Heartache is subjective. Maturity calls it experience, productivity calls it wisdom, and creativity is genuinely thrilled. Also, John Prine was lovely, but the brain doesn't always have time to shout "you better look out down below" before succumbing to complete and utter anxiety. In literature, heartache is a methodology—a tool used by the author to engage readers' emotions and satisfy his own angst. A well-written story breaks any willing heart.

Anyway, The Lonely Old Man is rambling along. The bit I’m writing now is definitely unique. Certain (often meaningless) details are as pedantic as last the bit, and I took extra measure to retain that trait. In my experience, stories told by elderly folk are full of charming/pointless details. So I kept that. But the rest, especially my cast of cliché characters, is growing a mind of its own. At least, a different mind than the last installment. And I think I've discovered why this is. It’s all due to perspective.  

See, each memory conveyed by the old man is written as he would have remembered it. The first tale, for example, was from the perspective of a young child. The old man was young when the event took place, and therefore remembers the occasion from a kid’s perspective. So I wrote it from that point of view. However, the voice changes in tale número dos because it’s now from the perspective of a college student. Sure, he’s ancient in the present day, but the scene is remembered as he was then: a twentysomething university punk.

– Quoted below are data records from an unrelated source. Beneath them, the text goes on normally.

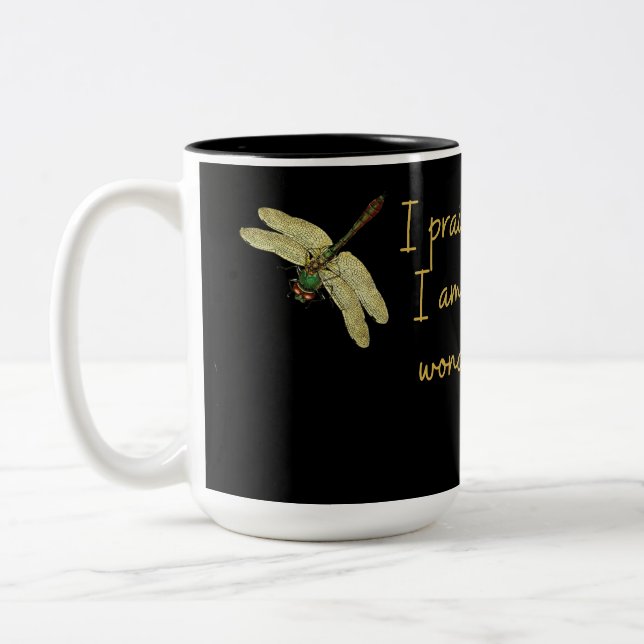 Tasse 2 Couleurs Dragonfly avec crainte / Merveilleusement confecti (Gauche)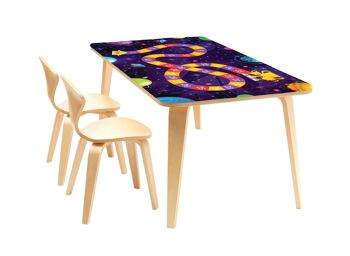 Plateau de jeu Galaxy pour enfants Couverture en vinyle laminé auto-adhésif pour tables de bureau 2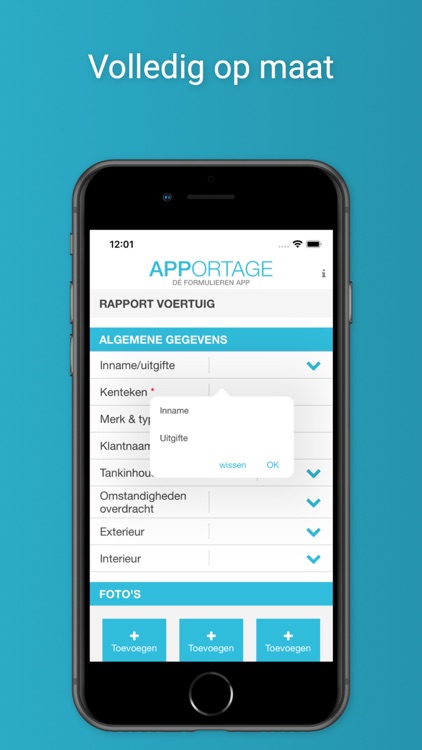 Apportage formulieren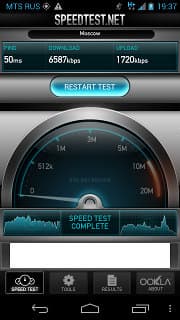 3G speedtest Motorola XT925 3G speentest Motorola XT925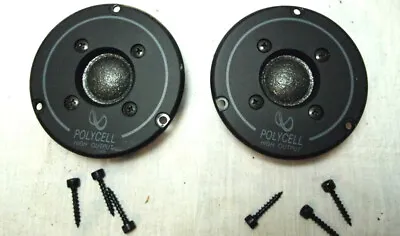 Clean Pair Of Working Polycell Tweeters For Infinity SM-82 Speakers 902-4270 • $59.99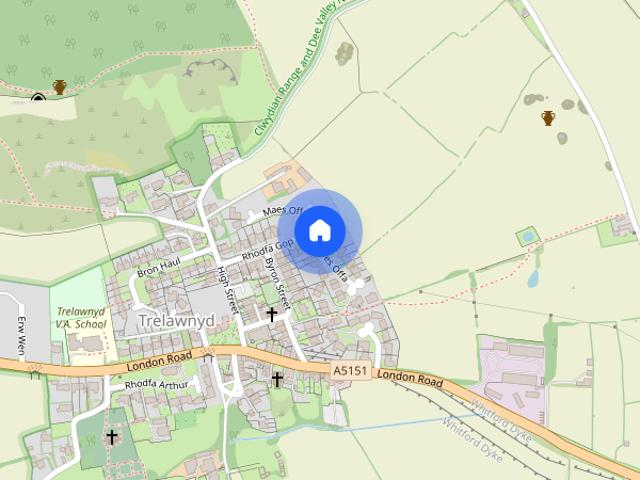 Maes Offa, Trelawynd, Rhyl, Flintshire, LL18
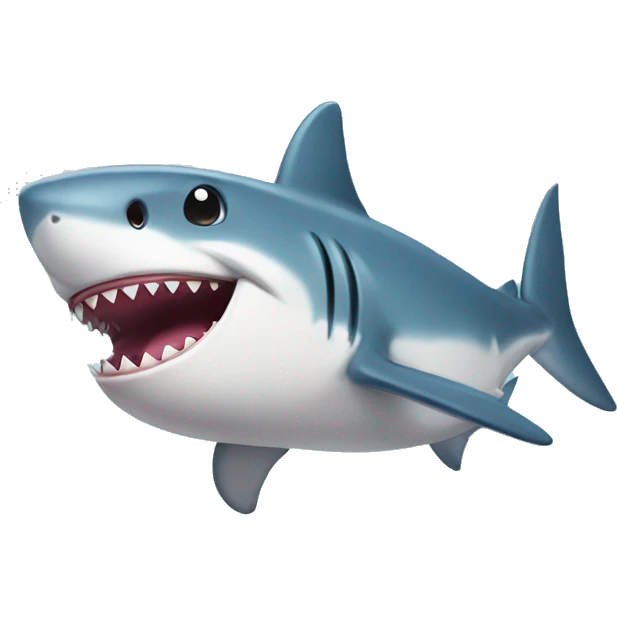 cute shark with a bow  emoji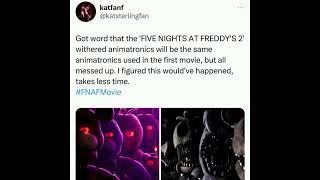 FNaF Movie Withered Animatronics News (#fnafmovie #shorts)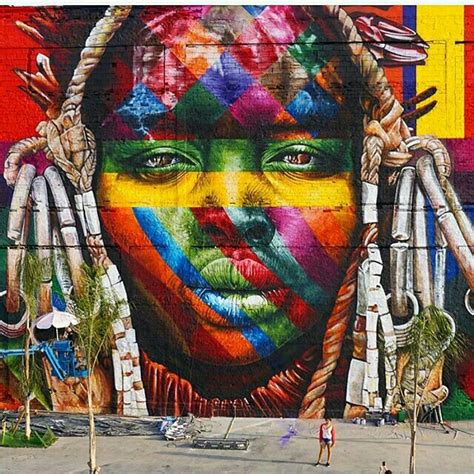 Todos Somos um by Eduardo Kobra @kobrastreetart in Rio De Janeiro ...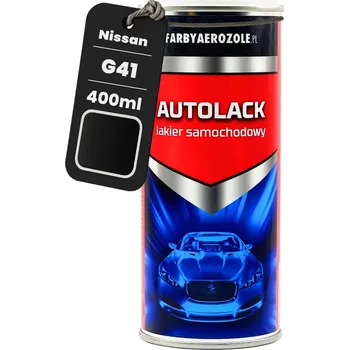 Barva ve spreji PŘIPRAVENÝ SPREJ 400ml Akrylový Lak NISSAN G41 Black Pearl Černá Perleť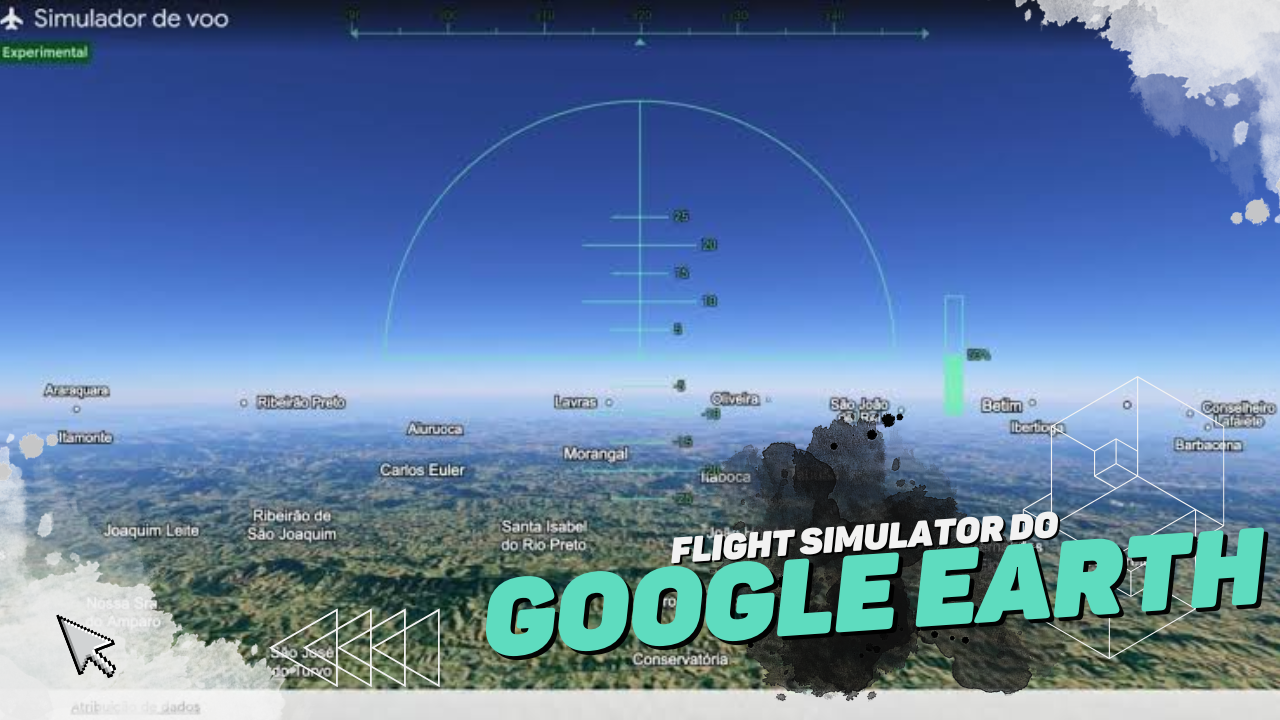 Vire piloto sem PC gamer com o novo simulador do Google Earth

Haha, I've got a defense for my inconsistency. Bugger off, you wonderful people who’d never call me on it. Honestly, time between posts probably contributes the most to that inconsistency. I believe there were nine or ten months between part three and four. Yeah. I know. That’s why I’m writing the next three or four parts all together. Granted, they may not fit the blog format with cliffhangers and all that jazz, but it’s more satisfying as an author to be writing for the story’s own sake, as opposed to writing for blogging’s sake.  

Oh! And prompt! Caleb already posted his (link for the lazy), and mine is...coming. He made me promise to write something happy for a change, so it’s become a bit of a challenge. Trust me when I say that suicides are always easier to write than proposals. Though some would argue they’re the same thing...Hey-O!

Dear, dear reader. I need sleep. Farewell. And remember kids: Coldplay still sucks.

2 comments:

  1. I wish you would just post the blasted thing, chappie! It's so very fantastic, I squeal a little whenever it comes to mind during my workday (Or otherwise, but why mention it?). Honestly, when I told you to write something "happy" I figured it would just be a slight change in pace for your writing...

    I never imagined it would be a definite handicap or a request that would hang you up and hold you down. For that, I'm only all the more glad that I made it. Because I'm a selfish, evil, sob. The hope is that you'll be writing flowery scenes of drudgery more easily because of this.